Direct Marketer of the Year: Brian Kurtz, executive vice president, Boardroom Inc.
Second, Kurtz remembers asking Benson at the end of the day, "How do you know so much?" He continues, "I'll never forget this because I use it as a concept all the time with people. He looked at me and took his thumb and his index finger and he put them maybe two inches apart, and he said, ‘I know everything about this much.' The idea of being a jack-of-all-trades versus knowing everything about something was a really interesting concept to learn early in my career. And as I spent more time in the industry ... I didn't want to try to be a little bit of this and a little bit of that. And you could always move your fingers out a little more, go out four inches, six inches, maybe 10 inches ... knowing everything about whatever this much is, was a great concept. That's who Benson thought he was."
The other Boardroom consultant who influenced Kurtz's approach to direct marketing is another circulation wizard, Gordon Grossman. While at The Reader's Digest Association, Grossman pioneered many firsts in direct marketing: He was the first person to use regression analysis, mass personalization and a sweepstakes in direct mail campaigns-techniques that are all standard practice today. It was Grossman who convinced Kurtz and Edelston they needed to invest in the database marketing infrastructure to handle analytics such as modeling and segmentation.
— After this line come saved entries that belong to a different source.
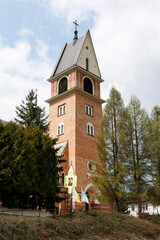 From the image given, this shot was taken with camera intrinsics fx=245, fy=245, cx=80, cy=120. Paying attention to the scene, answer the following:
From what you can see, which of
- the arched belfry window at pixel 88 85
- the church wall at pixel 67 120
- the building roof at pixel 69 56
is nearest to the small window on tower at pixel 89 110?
the arched belfry window at pixel 88 85

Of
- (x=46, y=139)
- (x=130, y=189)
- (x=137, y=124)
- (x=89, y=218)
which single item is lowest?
(x=89, y=218)

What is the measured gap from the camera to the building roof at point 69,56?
34344 mm

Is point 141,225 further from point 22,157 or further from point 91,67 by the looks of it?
point 91,67

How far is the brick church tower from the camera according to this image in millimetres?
28328

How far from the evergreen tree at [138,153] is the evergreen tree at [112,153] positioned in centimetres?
77

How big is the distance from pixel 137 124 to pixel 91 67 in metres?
16.1

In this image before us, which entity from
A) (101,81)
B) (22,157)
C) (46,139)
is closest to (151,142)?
(46,139)

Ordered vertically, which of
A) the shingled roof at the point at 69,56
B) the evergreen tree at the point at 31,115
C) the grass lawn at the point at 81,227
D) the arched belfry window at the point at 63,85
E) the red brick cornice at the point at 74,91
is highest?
the shingled roof at the point at 69,56

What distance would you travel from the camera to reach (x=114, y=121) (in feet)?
73.0

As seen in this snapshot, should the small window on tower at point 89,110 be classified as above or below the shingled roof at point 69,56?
below

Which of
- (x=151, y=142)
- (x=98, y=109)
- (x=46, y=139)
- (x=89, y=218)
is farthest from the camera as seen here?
(x=98, y=109)

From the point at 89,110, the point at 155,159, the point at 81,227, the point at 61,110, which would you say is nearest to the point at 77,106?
the point at 89,110

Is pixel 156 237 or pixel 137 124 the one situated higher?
pixel 137 124

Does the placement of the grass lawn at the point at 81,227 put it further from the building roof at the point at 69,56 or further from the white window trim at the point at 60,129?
the building roof at the point at 69,56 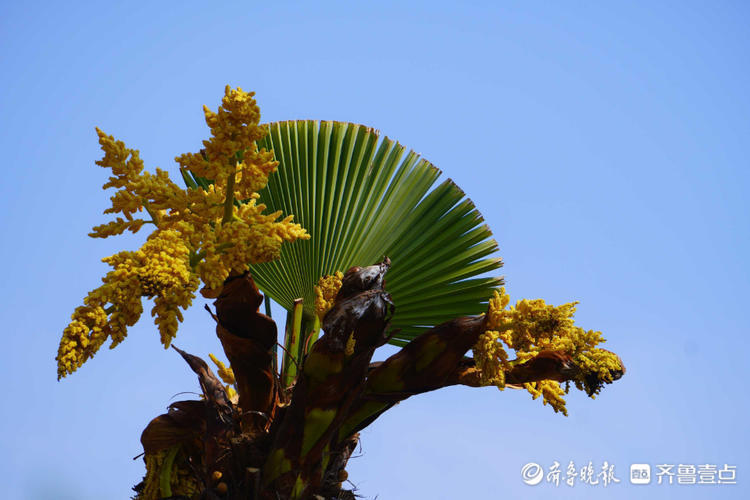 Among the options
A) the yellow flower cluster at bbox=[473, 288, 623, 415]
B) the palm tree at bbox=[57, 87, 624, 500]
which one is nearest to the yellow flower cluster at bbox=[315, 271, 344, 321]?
the palm tree at bbox=[57, 87, 624, 500]

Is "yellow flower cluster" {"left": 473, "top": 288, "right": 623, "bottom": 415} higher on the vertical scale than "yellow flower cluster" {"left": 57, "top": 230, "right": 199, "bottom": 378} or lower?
higher

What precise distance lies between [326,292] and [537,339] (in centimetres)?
186

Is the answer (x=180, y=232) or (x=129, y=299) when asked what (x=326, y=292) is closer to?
(x=180, y=232)

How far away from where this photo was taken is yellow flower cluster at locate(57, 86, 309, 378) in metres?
4.61

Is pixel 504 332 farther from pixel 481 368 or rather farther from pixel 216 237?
pixel 216 237

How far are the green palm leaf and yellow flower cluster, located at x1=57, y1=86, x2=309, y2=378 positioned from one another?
189 cm

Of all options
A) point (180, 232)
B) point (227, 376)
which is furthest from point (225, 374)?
point (180, 232)

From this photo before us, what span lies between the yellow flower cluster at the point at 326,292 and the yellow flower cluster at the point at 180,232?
1462 millimetres

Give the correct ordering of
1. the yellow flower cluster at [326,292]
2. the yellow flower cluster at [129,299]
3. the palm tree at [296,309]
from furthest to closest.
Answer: the yellow flower cluster at [326,292], the palm tree at [296,309], the yellow flower cluster at [129,299]

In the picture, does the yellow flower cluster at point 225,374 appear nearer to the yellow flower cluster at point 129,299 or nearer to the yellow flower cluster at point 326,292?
the yellow flower cluster at point 326,292

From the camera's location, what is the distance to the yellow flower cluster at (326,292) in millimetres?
6609

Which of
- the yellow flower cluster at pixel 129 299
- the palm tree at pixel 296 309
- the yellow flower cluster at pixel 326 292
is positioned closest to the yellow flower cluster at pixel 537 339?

Kurtz remembers, "Gordon sent us a memo right around when I hired him in 1989 or 1990, which contained a comment like, ‘If you're not in database marketing, Brian and Boardroom, you're out of business in 10 years.' It was like getting scared straight."
Kurtz gives credit to Grossman for helping Boardroom become a state-of-the-art database marketing operation, and also to Edelston for seeing the value this investment would deliver in the future.